Como concepción y como práctica el procés estaba destinado a provocar la fractura y el retroceso de la sociedad catalana, la división de los independentistas, la perversión de la moral, del lenguaje y de las conductas, el caos, en suma, sin conseguir, por supuesto, la independencia de Cataluña.

El procés ha sido un movimiento impulsado desde arriba, aprovechando unas condiciones sociales, culturales y emotivas que estaban en la calle, pero que podían haber sido reconducidas por otros derroteros.  

¿En qué cabezas de dirigentes del procés llegó a cuajar la idea de que en Europa una minoría social de una región periférica podía desintegrar un Estado de la UE y modificar fronteras consolidadas desde la Paz de Westfalia de 1648, que estableció el “principio de  la integridad territorial como fundamento de la existencia de los Estados”, principio “perpetuo” que incluso recoge el Tratado de la UE?

Probablemente, sólo las cabezas calenturientas de unos cuantos dirigentes ilusos creyeron que la independencia de Cataluña era posible, el resto de los dirigentes se han servido del cuento de la independencia para su medro personal y político. Si por un azar se conseguía la independencia, magnífico y adelante para sacar tajada con el reparto de cargos y prebendas, si no, se vivía --y se vive-- del conflicto político creado.

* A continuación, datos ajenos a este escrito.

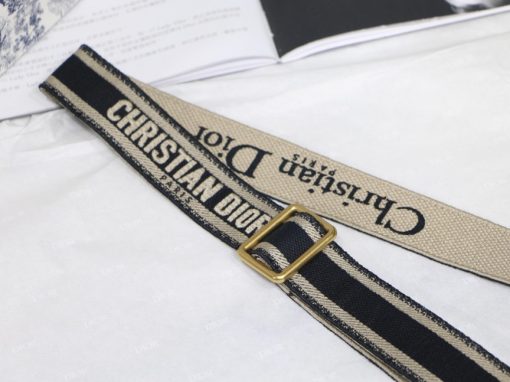DIOR Christian Dior Shoulder Strap. Authentic quality luxury strap crafted in genuine leather comes with authenticity card, dust bag and gift bag. A perfect fusion of elegance and personalization. The elegant 'Christian Dior' insignia is prominently displayed in the middle of the sleek silhouette, adorned by refined black calfskin on both sides. To securely fasten the strap to the chosen bag, two exquisite metal snap hooks with an antique gold finish are employed. This versatile strap can be effortlessly worn either over the shoulder or across the body, allowing for a truly tailored and unique aesthetic.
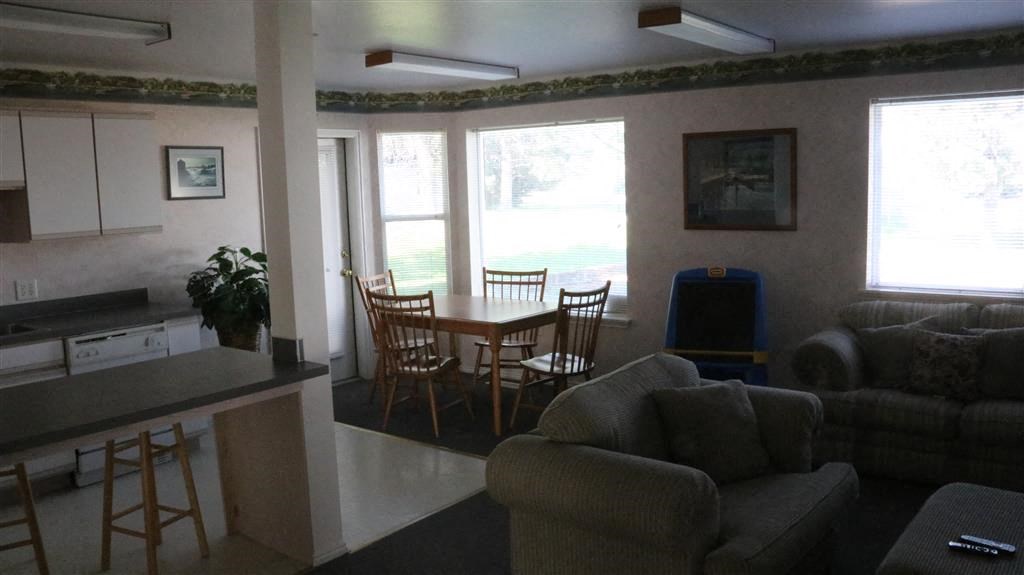 a living room and dining room with a table and chairs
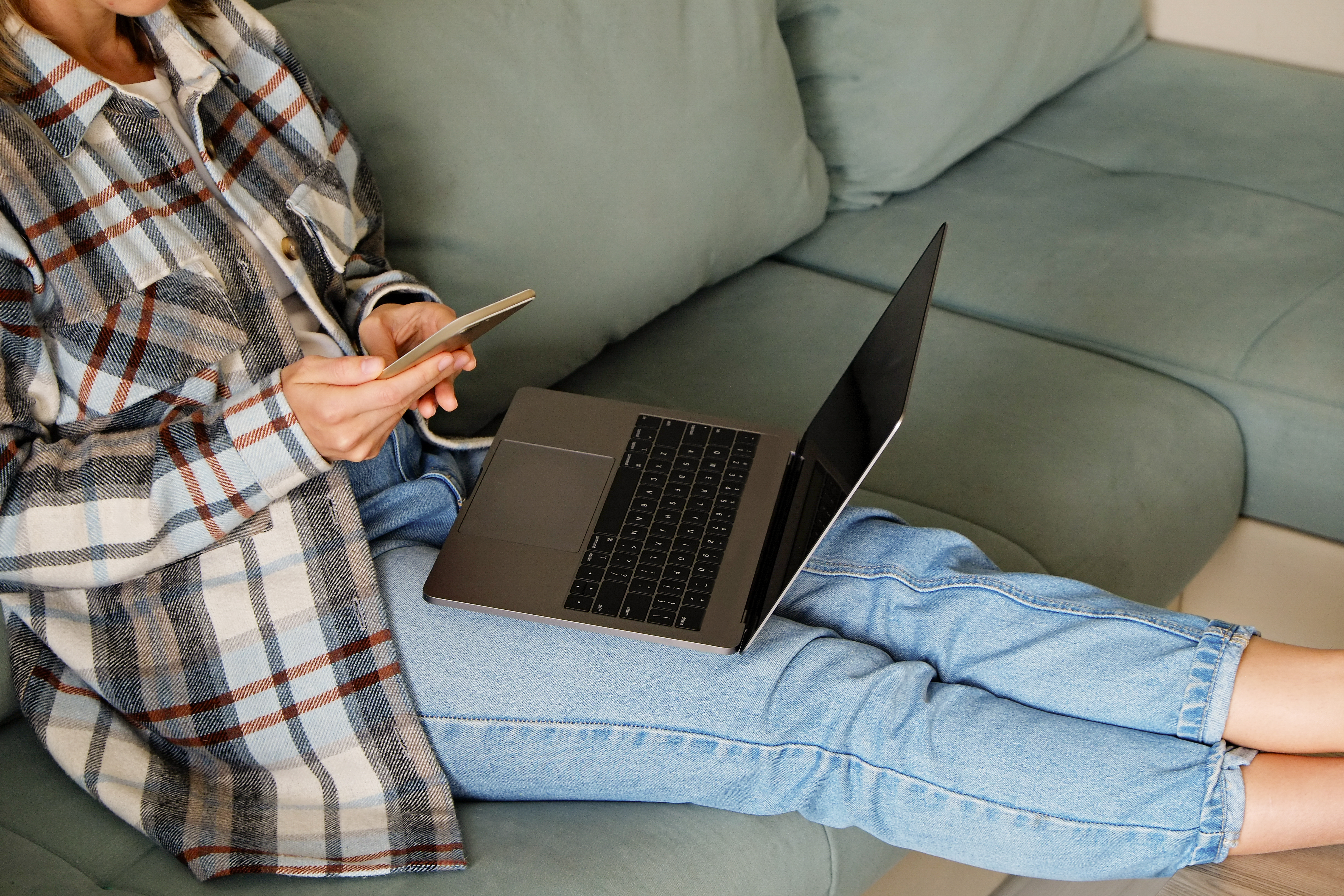 woman's body seated on a green comfy couch with her legs stretched out on a stool in front of her, she is wearing a flannel shirt and jeans and is using a cellphone and has an open laptop on her lap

Ante un proyecto tan disparatado como la independencia de Cataluña, los impulsores del procés indefectiblemente tenían que vulnerar la Constitución, el Estatuto de Autonomía y todas cuantas leyes se interpusieran en el camino de eso que llamaban la “hoja de ruta”.

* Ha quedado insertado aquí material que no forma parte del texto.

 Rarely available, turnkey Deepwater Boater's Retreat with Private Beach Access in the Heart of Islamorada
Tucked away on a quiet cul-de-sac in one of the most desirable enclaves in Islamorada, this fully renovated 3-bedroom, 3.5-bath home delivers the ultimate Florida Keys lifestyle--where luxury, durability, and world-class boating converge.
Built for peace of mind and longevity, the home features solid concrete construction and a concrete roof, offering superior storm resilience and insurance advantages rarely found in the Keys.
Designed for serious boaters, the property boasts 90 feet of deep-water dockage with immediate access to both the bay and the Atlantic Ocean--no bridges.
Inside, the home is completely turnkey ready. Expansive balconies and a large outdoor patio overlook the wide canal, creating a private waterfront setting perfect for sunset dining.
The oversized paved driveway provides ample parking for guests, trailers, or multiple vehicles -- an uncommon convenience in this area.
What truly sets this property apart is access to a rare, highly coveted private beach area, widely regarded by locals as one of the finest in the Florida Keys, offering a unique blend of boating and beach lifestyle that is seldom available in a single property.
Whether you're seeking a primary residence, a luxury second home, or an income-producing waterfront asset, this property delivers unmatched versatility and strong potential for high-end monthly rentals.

La unilateralidad era la única vía a su alcance, puesto que el Estado --el nuestro y cualquier otro Estado europeo-- nunca iba a negociar y aceptar su desintegración territorial. La unilateralidad per se es una vía violenta, comporta vulneración de leyes y supresión de derechos, imposición y exclusión forzosa de una parte de la sociedad, de todos los que no están por la independencia. 

Y tanta vulneración acabó con procesados, condenados y huidos de la Justicia. Era previsible  --y se les advirtió de lo que podía ocurrir--,  el Estado de derecho, cumpliendo con su sentido y función, tenía que restablecer la legalidad vulnerada.

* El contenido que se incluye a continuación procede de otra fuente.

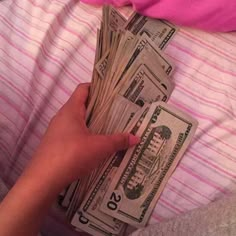 a person is laying on a bed with some money in their hand and the sheets are pink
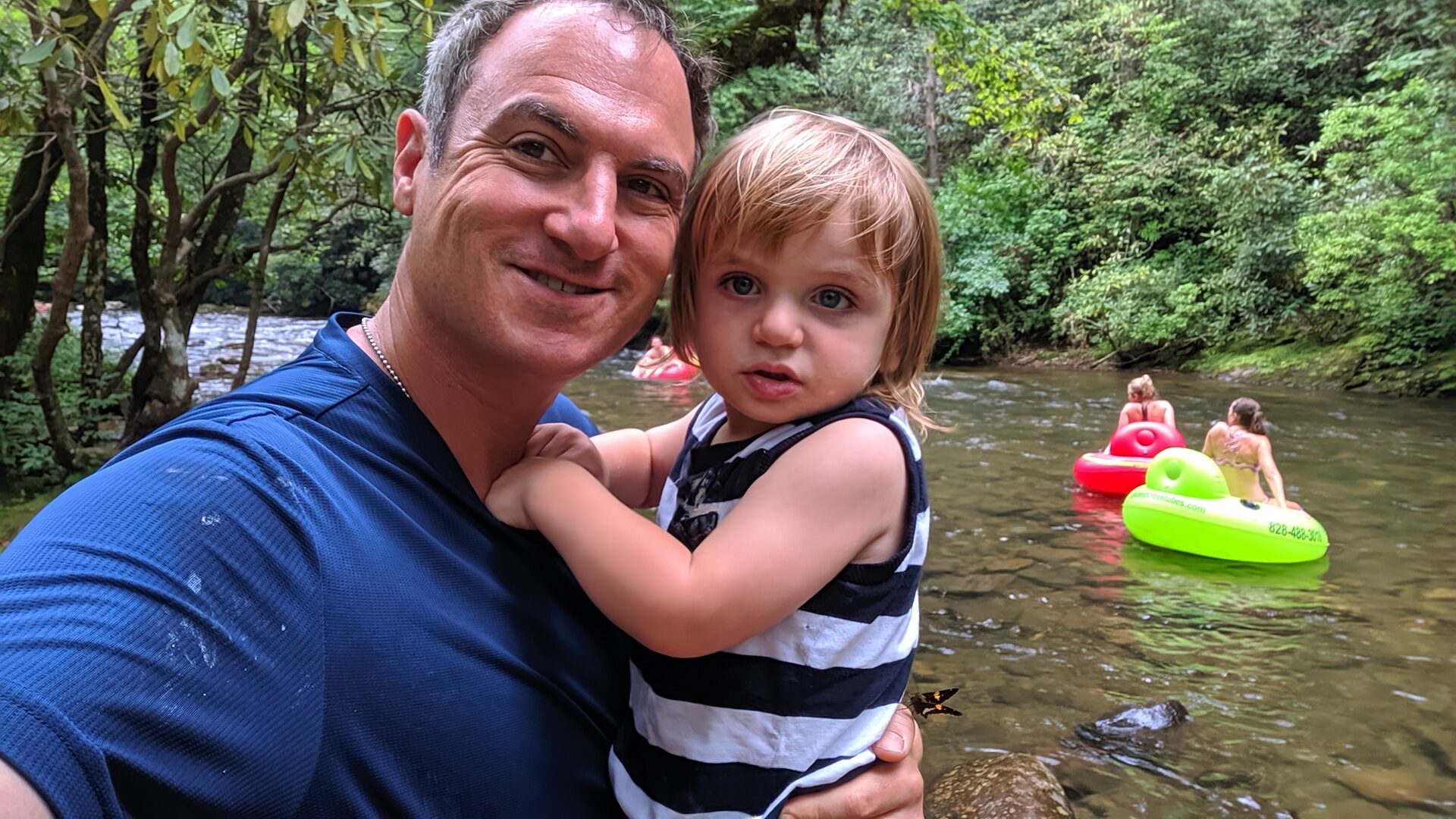 Family selfie by Deep Creek with tubers floating in the background near Bryson City NC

Cual Sísifos absurdos, algunos dicen que lo volverán a hacer y otros añaden “tantas veces como sea necesario”; si lo hicieran, volverían a ser procesados y condenados. No sería una actitud heroica, sería sólo una estupidez, si no fuera por el enorme daño que causan.

Por el procés había que crear todo un sistema de perversiones, alteraciones y rupturas a golpe de emociones negativas, fomentadas por una panoplia de eslóganes imaginativos  y con el inestimable apoyo de medios y recursos públicos. Había que abusar de la liberal democracia, construir el odio a España, poner las instituciones de la Generalitat al servicio del proyecto, “desconectar” de las leyes e  instituciones del Estado, financiar el procés, elevar la deslealtad continua a la categoría de “astuta” estrategia,  ocupar la calle, manipular y mentir. 

Sin todo ello --y mucho de ello ejecutado a escondidas-- no se podía avanzar en la “hoja de ruta”. Estaban, pues, predestinados a pervertirse y a pervertir. No hay ninguna virtud en todo ello, sólo la naturaleza destructiva del procés, la realidad de los daños causados y  la cloaca de las perversiones.  

Las escuchas telefónicas a determinados personajes de la alta esfera del procés, que hemos conocido recientemente, forman parte de una investigación judicial que puede terminar con tipificaciones penales.

De momento --y no es poco-- revelan un lenguaje barriobajero y una catadura moral mafiosa, junto a desvergonzadas intrigas, revoloteo alrededor del tráfico de influencias, navajeo entre “socios” del procés, en pocas palabras: un vertido descontrolado de la cloaca.